Questioning the nature of money, and the consideration of both that which is seen and that which is unseen, are not obvious to most. However, it is a truly important question to consider if we care about giving people hope, and alleviating poverty. Humanity cannot afford to waste its economic efforts and squander its potential wealth. To illustrate with an analogy, imagine the tragedy of seeing someone bailing water out of their boat using a sieve, and now take this thought experiment further and apply it to the economy at large. Web3 is the equivalent of swapping the sieve for a pail, turning tragedy into opportunity. 

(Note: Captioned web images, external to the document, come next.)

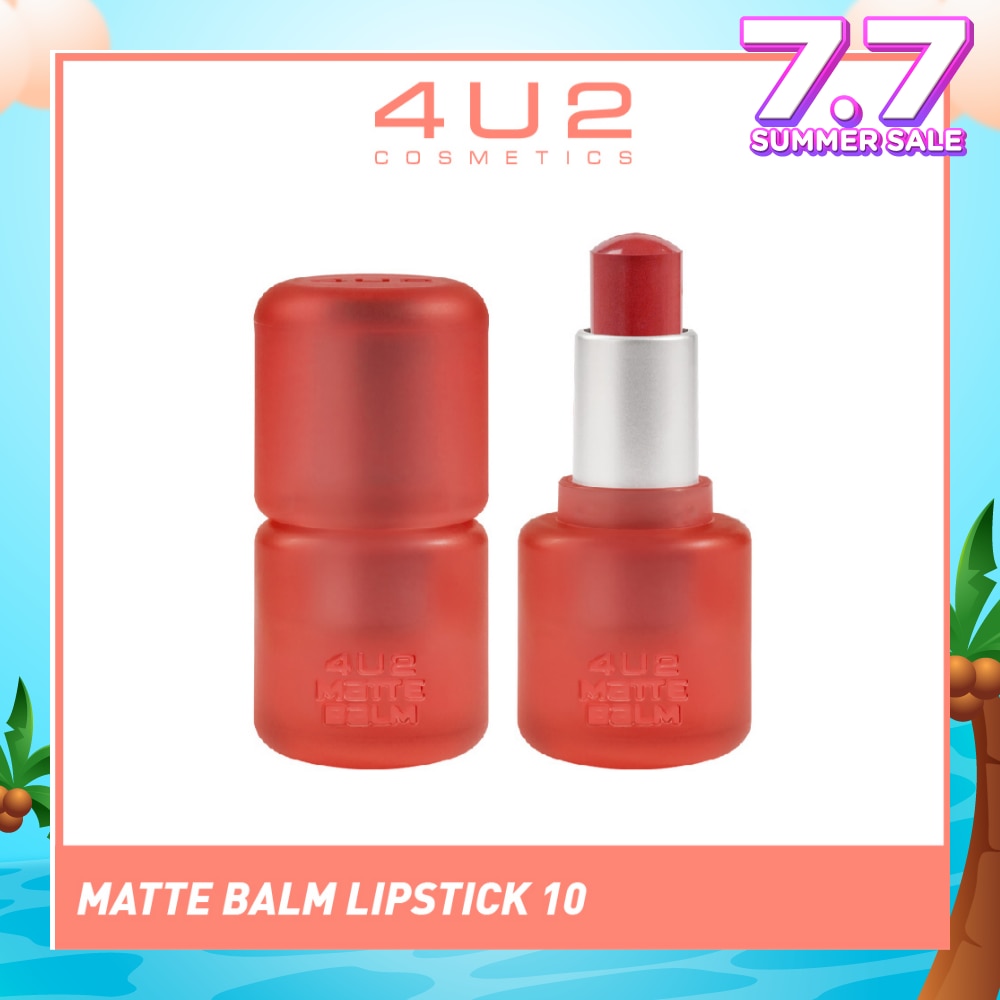 Matte Balm Lipstick 10 Sunny Honey 1s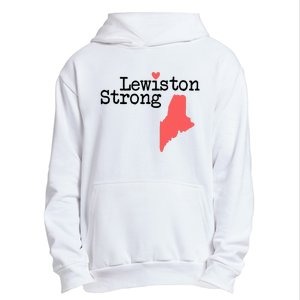 Lewiston Strong Lewiston Strong  Lewiston Stron  Urban Pullover Hoodie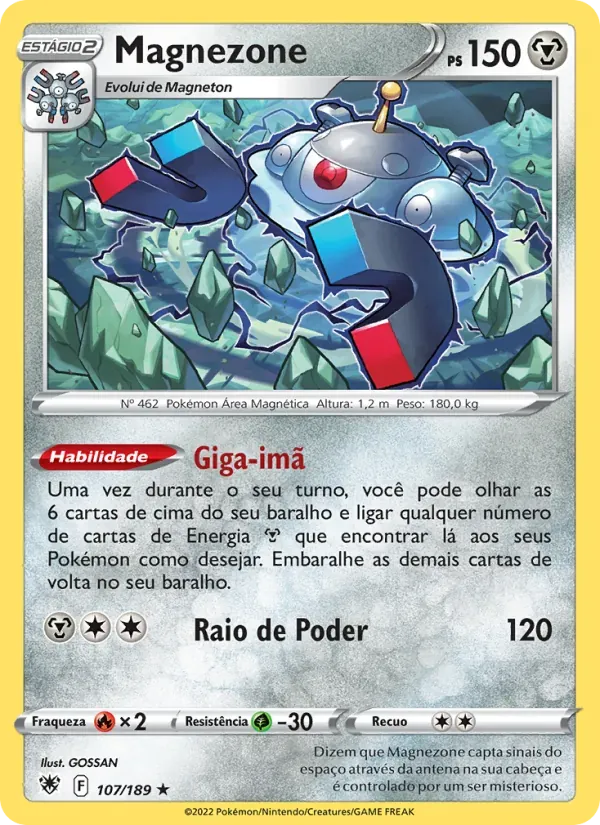 Magnezone 107/189 Estrelas Radiantes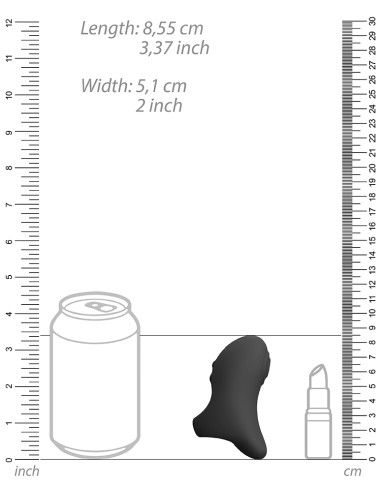Stimulateur de clitoris Hana Noir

By making the economy more efficient, we empower individuals to improve their lives. Building wealth and witnessing your own progress is inspiring, which is the lifeblood of anything meaningful we do. That is, people’s lives are changed when they no longer feel they are falling behind, or that their hard work isn’t paying off. Maybe improving the world isn’t a matter of creating more regulations or taxes to be redistributed. Maybe it is about adding more rungs to the economic ladder at every level; giving people more they can hold onto.

Our society is fragile, and we can’t forget to prepare ourselves for the unexpected. We cannot waste our efforts. Not only is it a tragedy, but it is wholly irresponsible. The dreamers amongst us wish to spread out amongst the stars so that we do not go the way of the dinosaurs. Consequently, we need to figure out the most efficient ways to organize ourselves, so we can prepare ourselves for cold winters, harsh summers, or even the dying light of the sun. Before readers think this is too doom and gloom, let’s remember that these potentialities can be averted by clever preparation and human ingenuity. Maybe Bastiat was onto something, or maybe not; but we still need to consider the unseen consequences of our decisions, though. With that, there is hope.